Sićevo Literary Colony
- Founded: 1991
- Founder: Mihajlo Ignjatović; Society of Writers and Literary Translators of Niš
- Headquarters: Sićevo, Serbia
- Website: kolonija.drustvoknjizevnika.com

= Sićevo Literary Colony =

The Sićevo Literary Colony is an international creative event in Serbia, established in 1991 by the Society of Writers and Literary Translators of Niš and Mihajlo Ignjatović. It is held at the Art Colony building in the village of Sićevo, near the Sićevo Gorge, about fifteen kilometers east of Niš.

Today, the event is organized by the Cultural Center of Niš under the patronage of the City of Niš and the Ministry of Culture of Serbia, with the Society of Writers and Literary Translators of Niš as co-organizer.
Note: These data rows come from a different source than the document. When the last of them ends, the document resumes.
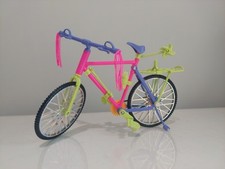 Mattel 1993 Bicicleta Barbie Bicicleta Neon Com Flâmulas Para Pé Chato Barbie Rosa comprar usado  Enviando para Brazil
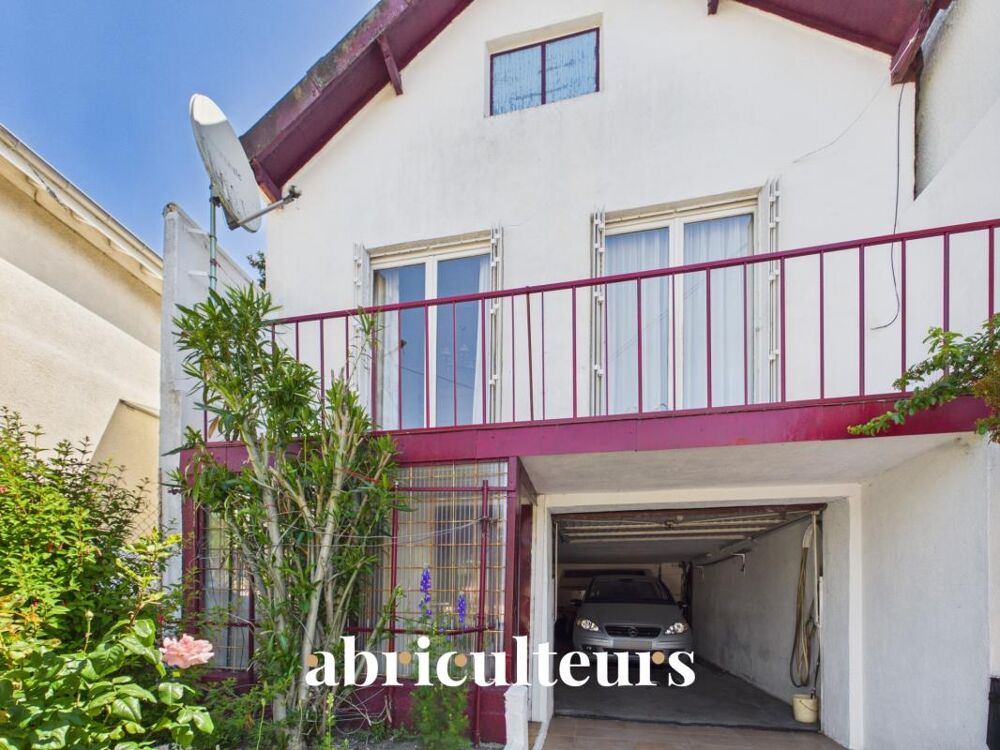 Vente Maison Maison 4 pièces de 81 m² avec beau potentiel – Quartier Colonie à Argenteuil Argenteuil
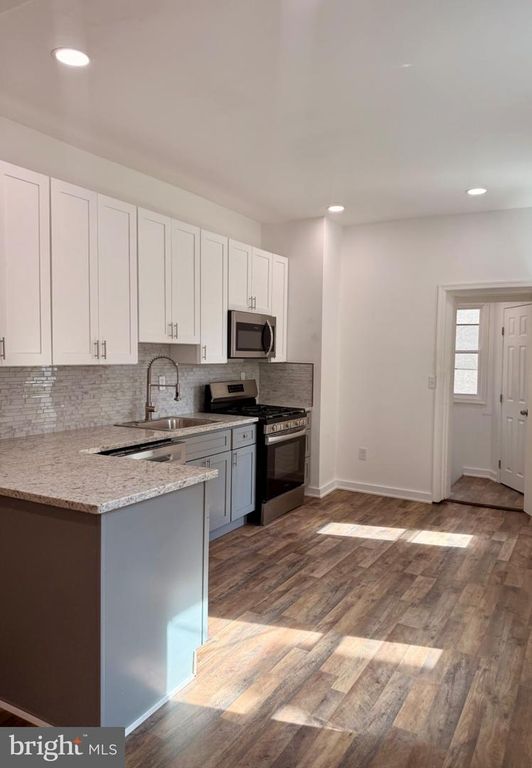 1417 S VODGES ST, Philadelphia, PA 19143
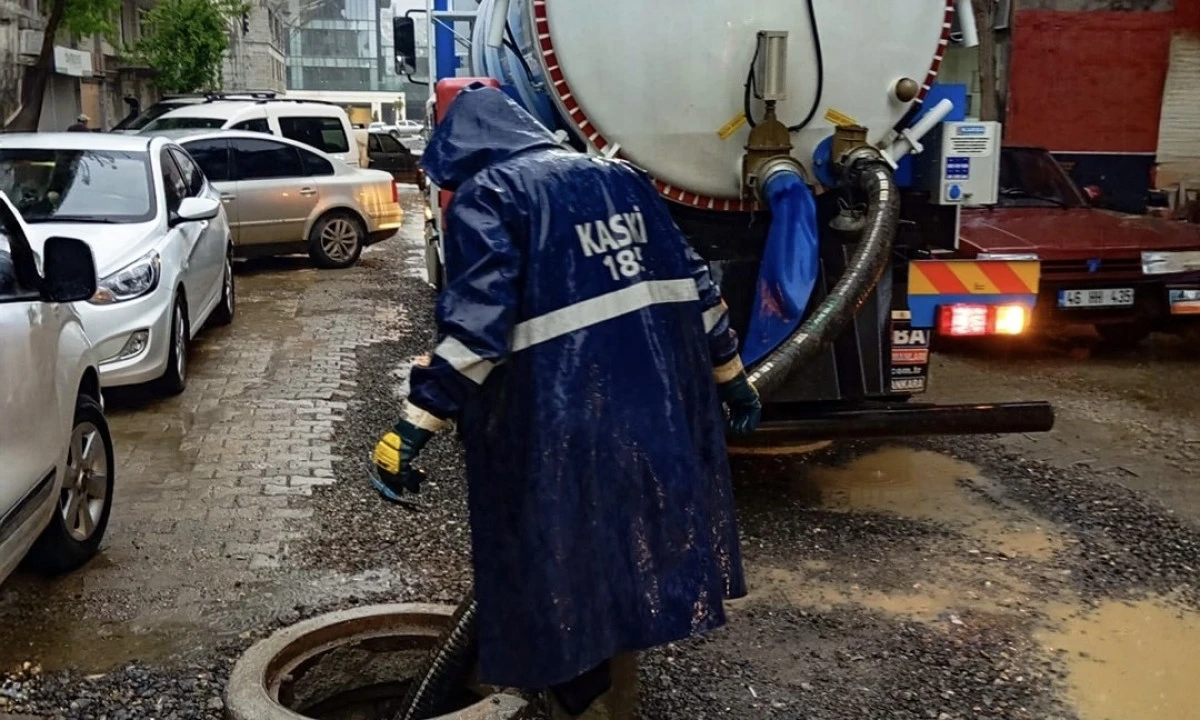 B&uuml;y&uuml;kşehir&rsquo;den Yağış Sonrası Arterlere Anında M&uuml;dahale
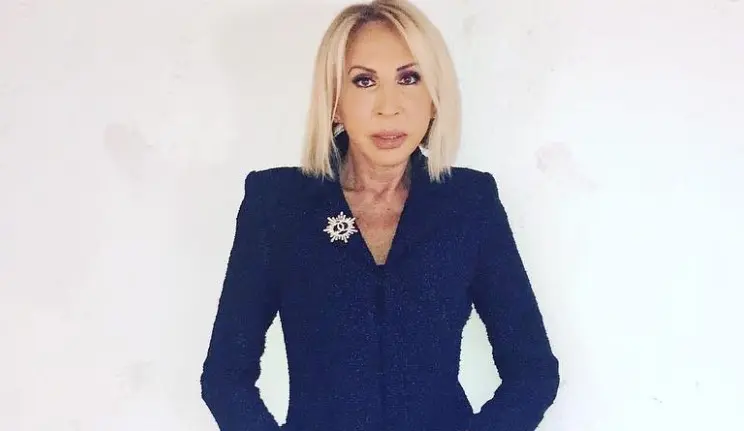 Laura Bozzo tiene dos hijas llamadas Victoria y Alejandra de la Fuente, producto de su matrimonio con Mario de la Fuente.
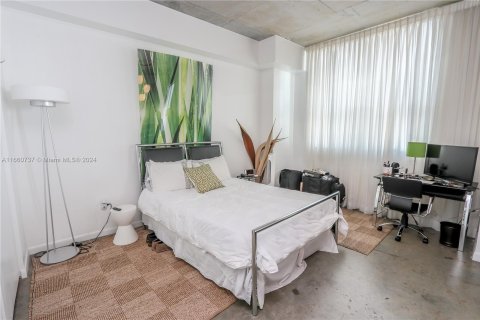 Condo in Miami, Florida, 1 bedroom  № 1366960 - photo 5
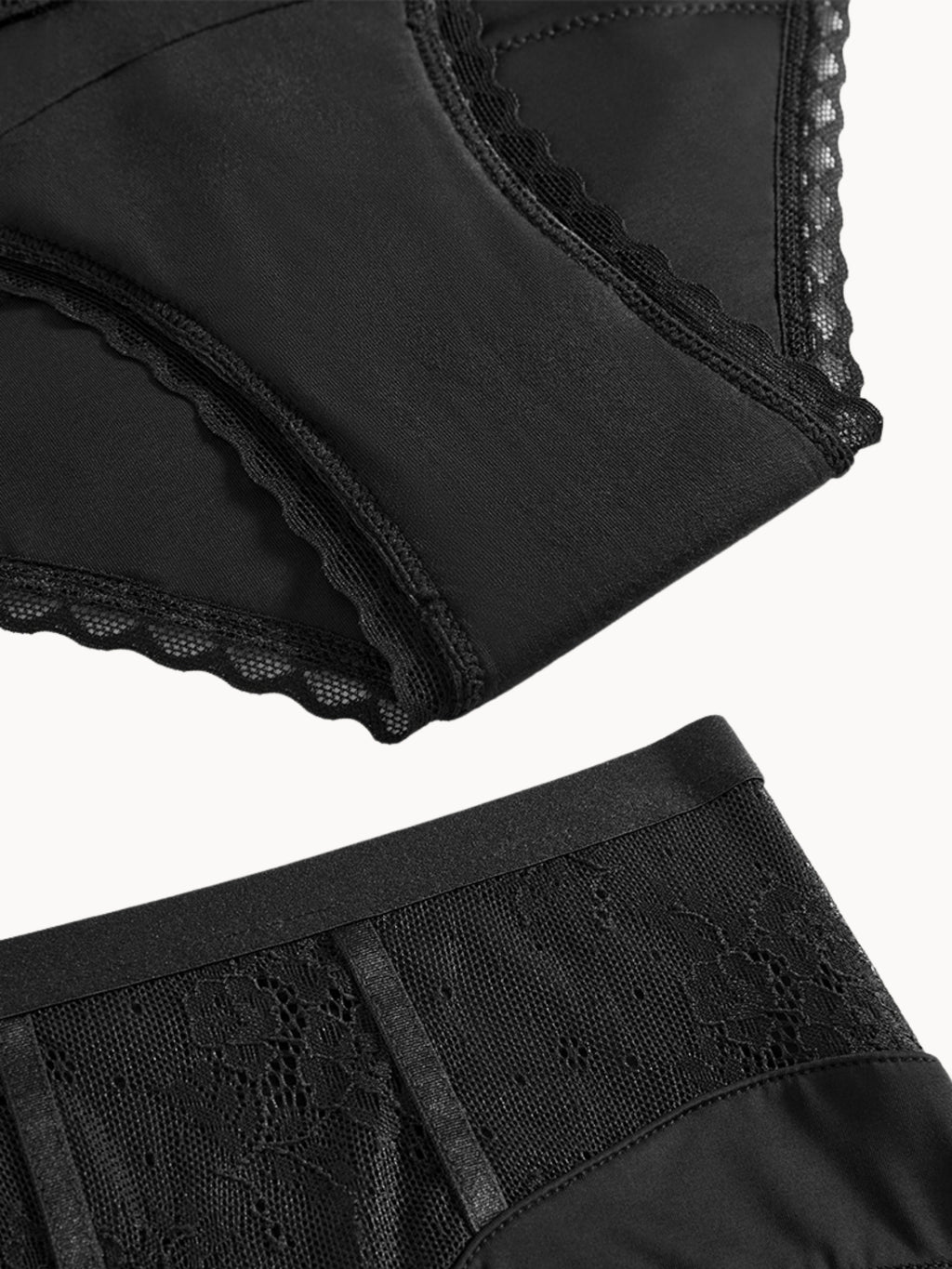 Slip mit floralem Besatz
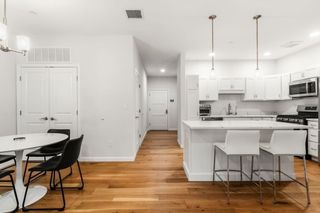 60 Coppersmith Way 304, Canton, MA 02021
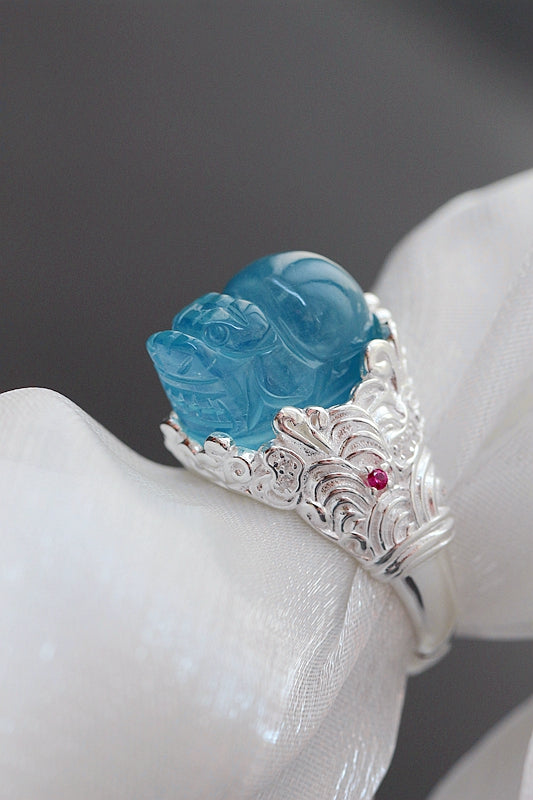 925 Sterling Silver Retro Style Ring Inlaid Natural Aquamarine Carved Into The Image of Pi Xiu From Chinese Mythology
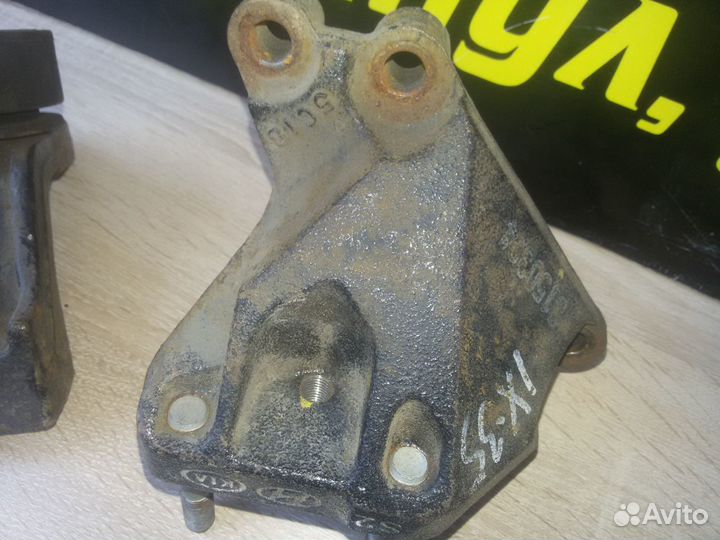 Подушки двигателя Hyundai IX 35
The colony gathers writers, literary critics, translators, publishers, and other participants from Serbia and abroad. Its mission is to foster literary creativity, exchange ideas, and strengthen the connection between authors and readers. Participants may work on their own projects or simply gather inspiration and notes during their stay.

Since 2005, the event has been recognized as a public city manifestation, organized by the Cultural Center of Niš under the patronage of the City of Niš and the Ministry of Culture of Serbia.

== Awards ==
The colony presents several literary awards:
- Ramonda Serbica Award – for lifetime achievement in Serbian literature.
- Mikina Čaša Award – in memory of the colony's founder, Mihajlo Ignjatović.
- Sićevo Vision Recognition – awarded to an outstanding domestic or international participant for their contribution to the colony.

== Mission ==
The Sićevo Literary Colony aims to provide a supportive and inspiring environment for literary creation, encourage intercultural dialogue, and promote Serbian literature internationally. Through literary evenings, book presentations, debates, and excursions, it fosters closer interaction between authors and audiences.